February 2, Thursday

REPOST Today’s AMI QT Devotional, first posted on June 30, 2016, is provided by Ulysses Wang who pastors Renewal Church in Sunnyvale, California. Pastor Ulysses is a graduate of New York University (BA) and Westminster Theological Seminary (M.Div.).  

Devotional Thought for This Morning

“The Sufficiency of Christ’s Work”

Colossians 1:24

Now I rejoice in my sufferings for your sake, and in my flesh I am filling up what is lacking in Christ’s afflictions for the sake of his body, that is, the church….

Here we have a problematic verse.  We know that Christ was completely obedient to the will of the Father.  We also know that His suffering for us on the cross was wholly sufficient for our cleansing and justification.  The author of Hebrews wrote, “For by a single offering he has perfected for all time those who are being sanctified” (10:14).  So what then could be “lacking in Christ’s afflictions”?  Uncomfortable choice of words indeed.

We need not question the sufficiency of Christ’s work; however, upon deeper examination we come to understand that it is not that Christ’s work was insufficient, but rather, that the experience of suffering was to be continued in His body – the Church.  N.T. Wright put it this way: “Just as the Messiah was to be known by the path of suffering he freely chose – and is recognized in his risen body by the mark of the nails… so his people are to be recognized by the sufferings they endure…”  Suffering, rather than always serving as an indication that something is wrong, can sometimes be an indication that things are very right.  In fact, the opposite can be true – the absence of suffering, normally our desired state of affairs, could very well mean that we’ve failed to “take up our cross.”
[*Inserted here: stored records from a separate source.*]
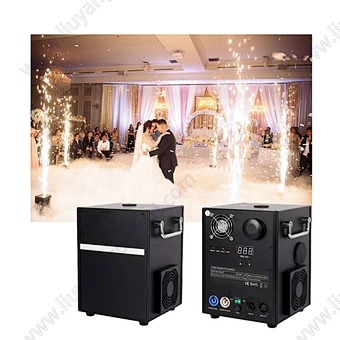 750w Fireworks Waterfall Fountain 650w Spinning Control 600w Mini Wireless Wedding Stage Special Effects Cold Spark Machine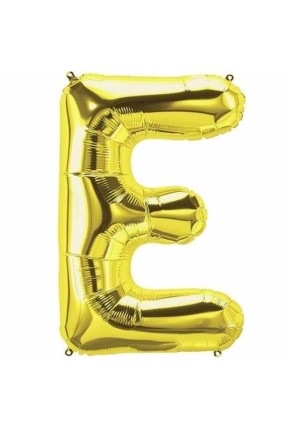 TOPTAN  16 INC FOLYO BALON HARF ALTIN E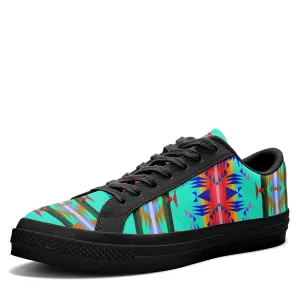 Between the Mountains Spring Aapisi Low Top Canvas Shoes Black Sole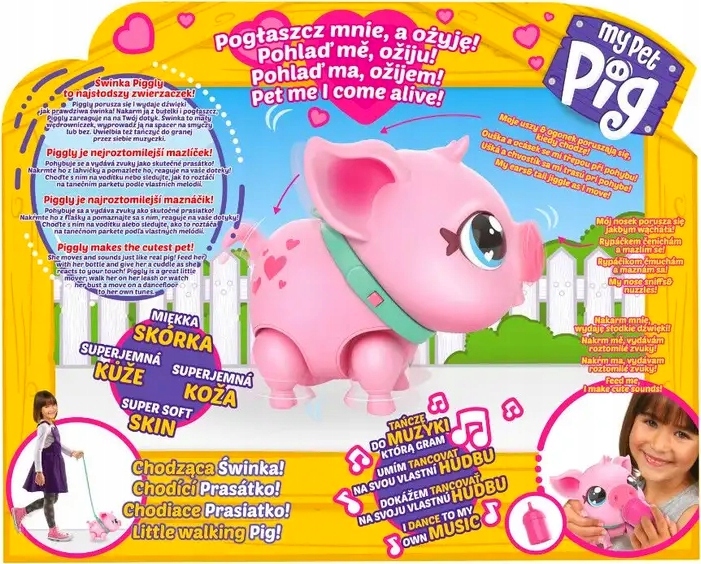 Інтерактивна іграшка Little Live Pets Моя свинка Piggly (виставковий) — фото 8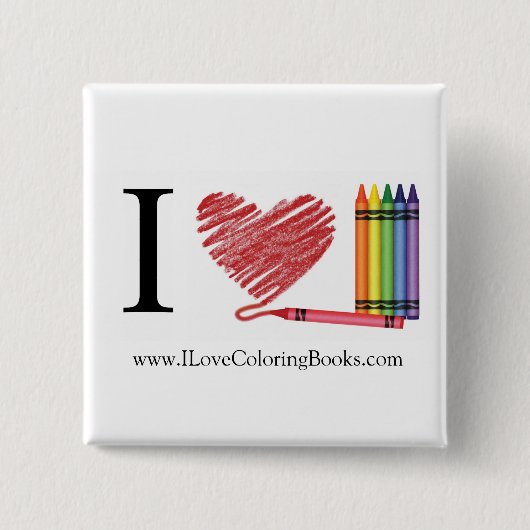I Love Coloring Button (Voorkant)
We don’t like this.  No one likes to suffer.  Now, I am not saying that we should go out looking for suffering, but unless we understand this biblical paradigm, we will surely do all we can to avoid it—even if it may be the road we must take to accomplish the will of God.  To quote Wright again: “If all these ideas sound strange to modern ears, this may not be so much due to the distance between Paul and ourselves in time and culture as because the church has forgotten how to apply to itself the fact that it is the body of the crucified Messiah.”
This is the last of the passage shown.